Aubrey’s funeral was at the local crematorium, and I must say I’ve never been to a funeral at a crematorium, so yet another new experience. I sat behind Jean and tied to stifle my sobs, since I was the only one in a puddle during the service. But when they pulled the little curtain around the casket to – I assume – cremate the body, well. Very hard, especially as the organist was playing “Amazing Grace.”

After the service, we all went to the St. Leonard’s Hotel in Stonehaven for drinks ('natch) and a great meal. I walked in, smelled the fish and saw the plaid carpet and knew without a doubt I was in Scotland. Lots of good talk, then back to the house for more tea and to unwind a bit before I had to hop back to London in order to catch this morning’s flight to New York.

What a strange trip it’s been. Africa to Aberdeen, in one fell swoop. But tonight –my own bed.

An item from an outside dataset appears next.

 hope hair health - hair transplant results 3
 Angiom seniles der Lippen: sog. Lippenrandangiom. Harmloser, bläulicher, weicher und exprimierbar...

Here’s to you, Aubrey Dare, maker of splendid English breakfasts, bringer of tea or double-gin-and-tonics, picker-uppper from the airport or train station, spinner of yarns, fisher of the River Dee. You will live in our hearts as a good man.


Aubrey and moi, 2005

6 comments:

Tamar said...

Dear MaryB. Welcome home, you loyal, loving, courageous woman! My thoughts are with you. What a dear heart and soul you have.

Elsie said...

I'm so sorry to hear about Aubrey but glad to know you made it to Scotland safely. I'm sure your being there was a great comfort to Jean. God bless you, Mary, and your adopted family too.

Winston said...

You are a good soul, MaryB. A good and brave soul. Glad it all worked out for you. So often those kinds of spur of the moment changes do not. And glad to have you back on native soil.

MaryB said...

Aw, thanks, friends. I don't know how courageous or brave I am, Tamar and Winston. I really just went at it blindly and all worked out OK (as is often doesn't). And Elsie, I think I did make a difference for Jean by being there. I would have always regretted it if I hadn't pulled it off.

Glad to be home!

PT said...

Mary,

So sorry to hear the bad news about Aubrey.

I remember how worried you were about him and Jean when you were visiting last year and found their house deserted... I'm glad you were able to get in touch with them in the meantime.

Thinking of you and your friends at this time.

Liz said...

Oh, Mary, I am sorry to hear about Aubrey. I remember your emotions when you feared you had lost touch with them. It was so good of you to make the detour and I'm sure your visit was much appreciated.

I'll look forward to more regular posts now you're back - if they don't keep you working too hard.